Your objective
Copy out each line below exactly as it appears.

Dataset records
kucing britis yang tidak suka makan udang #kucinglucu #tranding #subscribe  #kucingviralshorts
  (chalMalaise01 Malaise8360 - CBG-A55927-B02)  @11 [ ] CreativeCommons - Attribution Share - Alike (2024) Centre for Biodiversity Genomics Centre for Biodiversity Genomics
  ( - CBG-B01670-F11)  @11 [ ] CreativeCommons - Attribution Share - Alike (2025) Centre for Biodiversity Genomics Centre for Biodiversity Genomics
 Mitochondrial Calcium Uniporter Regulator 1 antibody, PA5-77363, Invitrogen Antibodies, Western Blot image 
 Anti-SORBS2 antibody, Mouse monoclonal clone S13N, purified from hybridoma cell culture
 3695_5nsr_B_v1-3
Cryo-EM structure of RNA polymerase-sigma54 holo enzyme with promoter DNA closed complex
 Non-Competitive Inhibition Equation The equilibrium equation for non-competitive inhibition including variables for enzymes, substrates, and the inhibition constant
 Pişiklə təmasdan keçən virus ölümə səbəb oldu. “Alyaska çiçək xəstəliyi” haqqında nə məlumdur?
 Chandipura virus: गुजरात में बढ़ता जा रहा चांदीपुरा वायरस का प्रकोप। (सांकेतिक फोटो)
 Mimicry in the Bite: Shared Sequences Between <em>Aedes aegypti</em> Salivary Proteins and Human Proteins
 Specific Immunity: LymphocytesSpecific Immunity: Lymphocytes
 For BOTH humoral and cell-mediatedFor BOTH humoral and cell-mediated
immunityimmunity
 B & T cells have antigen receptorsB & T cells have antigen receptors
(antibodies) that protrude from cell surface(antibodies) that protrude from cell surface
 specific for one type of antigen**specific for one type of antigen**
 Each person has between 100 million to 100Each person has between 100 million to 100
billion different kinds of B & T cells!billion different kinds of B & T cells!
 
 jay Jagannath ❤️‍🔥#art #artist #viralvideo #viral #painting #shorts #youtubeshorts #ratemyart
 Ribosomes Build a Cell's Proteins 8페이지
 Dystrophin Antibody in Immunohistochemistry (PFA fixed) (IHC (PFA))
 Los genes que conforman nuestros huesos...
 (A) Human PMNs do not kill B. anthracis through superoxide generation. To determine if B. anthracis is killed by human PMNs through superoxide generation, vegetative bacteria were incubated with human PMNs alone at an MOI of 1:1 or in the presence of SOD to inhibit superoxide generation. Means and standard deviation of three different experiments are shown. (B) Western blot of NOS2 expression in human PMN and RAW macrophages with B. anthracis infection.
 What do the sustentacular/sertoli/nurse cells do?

Output for this exercise
kucing britis yang tidak suka makan udang #kucinglucu #tranding #subscribe  #kucingviralshorts
  (chalMalaise01 Malaise8360 - CBG-A55927-B02)  @11 [ ] CreativeCommons - Attribution Share - Alike (2024) Centre for Biodiversity Genomics Centre for Biodiversity Genomics
  ( - CBG-B01670-F11)  @11 [ ] CreativeCommons - Attribution Share - Alike (2025) Centre for Biodiversity Genomics Centre for Biodiversity Genomics
 Mitochondrial Calcium Uniporter Regulator 1 antibody, PA5-77363, Invitrogen Antibodies, Western Blot image 
 Anti-SORBS2 antibody, Mouse monoclonal clone S13N, purified from hybridoma cell culture
 3695_5nsr_B_v1-3
Cryo-EM structure of RNA polymerase-sigma54 holo enzyme with promoter DNA closed complex
 Non-Competitive Inhibition Equation The equilibrium equation for non-competitive inhibition including variables for enzymes, substrates, and the inhibition constant
 Pişiklə təmasdan keçən virus ölümə səbəb oldu. “Alyaska çiçək xəstəliyi” haqqında nə məlumdur?
 Chandipura virus: गुजरात में बढ़ता जा रहा चांदीपुरा वायरस का प्रकोप। (सांकेतिक फोटो)
 Mimicry in the Bite: Shared Sequences Between <em>Aedes aegypti</em> Salivary Proteins and Human Proteins
 Specific Immunity: LymphocytesSpecific Immunity: Lymphocytes
 For BOTH humoral and cell-mediatedFor BOTH humoral and cell-mediated
immunityimmunity
 B & T cells have antigen receptorsB & T cells have antigen receptors
(antibodies) that protrude from cell surface(antibodies) that protrude from cell surface
 specific for one type of antigen**specific for one type of antigen**
 Each person has between 100 million to 100Each person has between 100 million to 100
billion different kinds of B & T cells!billion different kinds of B & T cells!
 
 jay Jagannath ❤️‍🔥#art #artist #viralvideo #viral #painting #shorts #youtubeshorts #ratemyart
 Ribosomes Build a Cell's Proteins 8페이지
 Dystrophin Antibody in Immunohistochemistry (PFA fixed) (IHC (PFA))
 Los genes que conforman nuestros huesos...
 (A) Human PMNs do not kill B. anthracis through superoxide generation. To determine if B. anthracis is killed by human PMNs through superoxide generation, vegetative bacteria were incubated with human PMNs alone at an MOI of 1:1 or in the presence of SOD to inhibit superoxide generation. Means and standard deviation of three different experiments are shown. (B) Western blot of NOS2 expression in human PMN and RAW macrophages with B. anthracis infection.
 What do the sustentacular/sertoli/nurse cells do?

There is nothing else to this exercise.